For quick drafts, the fastest model can be enough. For important or noisy recordings, accuracy matters more than speed.

SpeakLane lets you choose and download local Whisper models in Settings > Models. The docs describe the tradeoff plainly:

  • Tiny is fastest and smallest, good for quick drafts.
  • Base balances speed and accuracy.
  • Small is better for longer or noisy audio.
  • Medium is more accurate but slower and heavier.
  • Large is the highest-accuracy option and needs more memory.
  • Turbo is very fast with near-large quality.

Do not treat model choice as a permanent identity setting. Treat it as a setting for the file in front of you.

Use a faster model when the recording is short, casual, and easy to replay. Use a larger model when the transcript will become research notes, published quotes, client context, support material, or anything where fixing mistakes later costs more than waiting a little longer now.

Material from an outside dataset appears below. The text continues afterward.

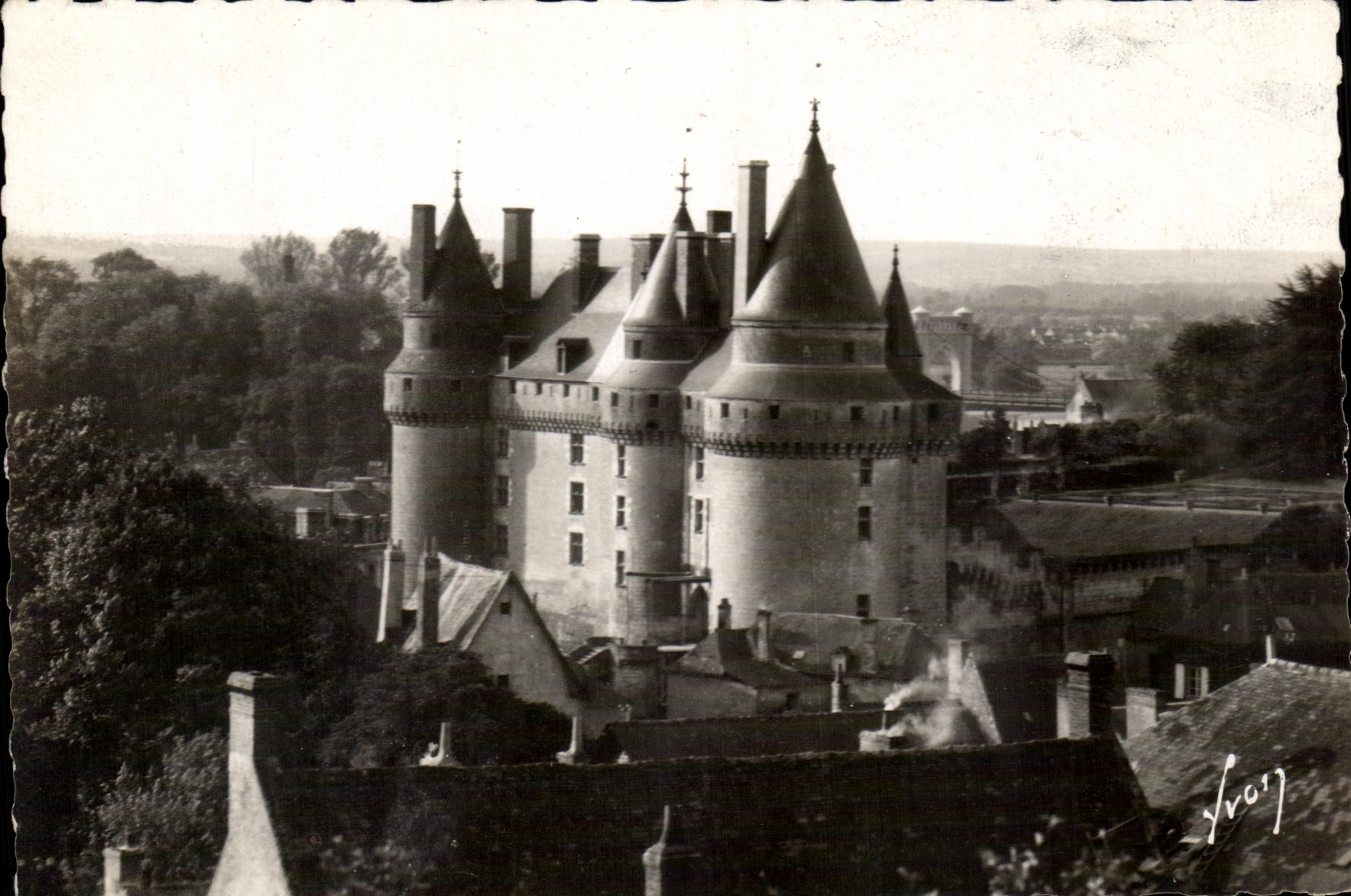 Langeais (Indre-et-Loire) — Façade nord du Château — Les Éditions d'Art 'Yvon' Paris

If the recording is in English, the English-only model option may be worth testing. If the recording mixes languages, names, or non-English phrases, avoid assuming that an English-only model will be better. The right answer is the one that gives you fewer corrections on your actual material.

Use settings as a workflow, not a control panel

Before a longer transcription, check the settings that change the result and the handoff.

In Settings, Local model size controls which model is used. Clean up filler words removes common "um" and "uh" from the final text. Use Metal enables GPU acceleration on Apple Silicon. Threads controls CPU usage. Reveal history item on completion opens the finished item in Finder when processing ends.

That last one is easy to ignore, but it is useful for files. A file transcription is usually more intentional than a quick dictated sentence. You selected a recording because you wanted to review, edit, quote, archive, or reuse it. Revealing the result helps you inspect the transcript immediately instead of leaving it buried in history.

For a practical default:

  1. Pick the model before importing the file.
  2. Turn on filler cleanup if the transcript is for reading or reuse.
  3. Leave cleanup off if exact spoken wording matters.
  4. Enable reveal for longer or important files.
  5. Open the result and scan it before moving on.

That five-step check prevents the most common annoyance: transcribing a useful file, then having to rediscover where the result went and whether the settings were right.

Decide whether you need clean text or faithful text

Not every transcript has the same job.

Sometimes you want readable notes. A voice memo about a product idea, a rough meeting recap, or a spoken draft for a blog outline does not need every filler word. In those cases, cleanup helps the transcript feel closer to something you can edit.

Other times you need fidelity. If you are reviewing an interview answer, checking an exact quote, or preserving the way someone phrased a point, automatic cleanup may remove texture you wanted to keep.

Make the choice before transcribing:

  • For summaries, drafts, and personal notes, favor readable cleanup.
  • For quotes, research, and review, favor faithful transcripts.
  • For client or sensitive material, review locally before pasting the result into another app.

The transcript is not the final artifact. It is the working copy. Treat it as a starting point you verify before it becomes a note, article, email, ticket, or prompt.

Keep the source audio close until you trust the transcript

SpeakLane saves file transcription results in your History folder. Each session includes transcript.txt, and audio is saved when available from file import or live dictation.

That matters because every transcript has uncertain parts. Proper nouns, product names, numbers, acronyms, timestamps, and quiet side comments are the first things to check. If the source audio stays with the transcript, you can listen back instead of guessing what the text was supposed to say.

This is especially useful for:

  • Interview clips where one sentence may become a quote.
  • Voice memos with names, dates, or project details.
  • Podcast sections you plan to repurpose.
  • Recorded notes with technical terms.
  • Meeting excerpts where decisions or commitments matter.

Once you have moved the useful text into its real destination, decide what should happen to the recording. Keep source audio when it still has value. Prune it when the transcript has done its job and the audio is just clutter.

Make better files before you need better settings

Settings can improve the outcome, but they cannot rescue every recording.

If you are creating the audio yourself, a few habits matter more than the file extension. Record close enough to the microphone. Reduce background noise when possible. Avoid talking over other speakers. Pause between separate topics. Say unusual names and technical terms clearly the first time.

For longer material, break the recording into meaningful sections when you can. A five-minute focused clip is easier to review than a forty-minute file with three unrelated topics. It also makes the history folder more useful because each transcript has a clear purpose.

If a recording is already messy, use a larger model and budget time for review. That is still better than pretending the transcript should be perfect because the file imported successfully.

A reliable file transcription routine

Use this routine the next time you import an existing recording:

  1. Choose the cleanest available source file.
  2. Confirm the file is one of the supported formats.
  3. Pick a model based on how important and noisy the recording is.
  4. Choose cleanup based on whether you need readable or faithful text.
  5. Enable reveal if you want to inspect the result immediately.
  6. Transcribe the file from the menu bar.
  7. Open transcript.txt, scan names and numbers, and listen back where needed.
  8. Move the useful text into the real destination.
  9. Keep or prune the source audio deliberately.

That is enough structure for most voice memos, clips, and recordings.

The point is not to make file transcription complicated. The point is to make it predictable. When the format is supported, the model fits the job, and the transcript lands in local history where you can verify it, turning recordings into usable text becomes a normal Mac workflow instead of a cleanup project.